The NHS was and is far from perfect. There are instances of malpractice that are badly handled or hardly addressed. There are instances of individuals being incompetently treated. There are mistakes by those responsible for care that could not be foreseen. There are real debates to be had about the future of health care and the role of personal responsibility. But in any organisation run by people it will ever be thus. There are many things the NHS does very well, something the public clearly recognises.

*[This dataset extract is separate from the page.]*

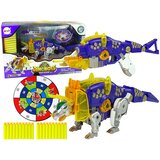  Dinobots 2 u 1 sačmarica za dinosaure Triceratops + meta - ljubičasti | Shoptok.si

It was so clear that the NHS had been improved that the Conservatives made an election promise to ‘ring fence’ NHS funding from the broadly promised cuts. The ‘NHS is safe with us’ message was central to Cameron’s detoxification of the Tory band. And it went further – David Cameron promised that there were no plans for structural reform of the NHS. But as Michael Portillo famously said on the BBC’s This Week, “If they had said what they were going to do they wouldn’t have got elected”.

There are some on the dilatant left who argue that Mr Lansley’s experiment is simply a continuation of Labour’s approach to bringing private sector resources into the NHS. As usual their heads are inserted where the sun don’t shine. There is a massive difference between the NHS employing private resources to deliver NHS priorities and lifting the lid to wholesale pro-market agenda in a service with standards conveniently abolished.

So the notion that Labour’s approach was delivering the most satisfied set of NHS customers on record is a highly inconvenient truth. A truth which undermines the case for reforms that already lack any kind of mandate.  If a Secretary of State is complicit in seeking to suppress it should be a resigning matter. As ever in these things it is the cover up that is more damaging than the initial mis-deed. There is a strong case for an enquiry. Next stop MORIgate?

The crazy thing is that it is perfectly legitimate to ask, ‘why are 30%-35% still largely not satisfied with the NHS?’, perfectly legitimate to argue, ‘how can we make this better still?’. Ask it, argue it, move in that direction, but have the decency to seek another mandate before embarking on the reform. MPs on the Conservative-led Government benches who have a conscience and don’t believe in blatantly lying to the electorate would be perfectly within their rights to vote against their government on this one. And what on earth are the Liberal Democrats doing? They know that taking down the Lansley proposals could take down the coalition at a time when they are about as popular as the Black Death – so expect them to let it happen.

Meanwhile the real and necessary debates about the successes and failings of the NHS are buried.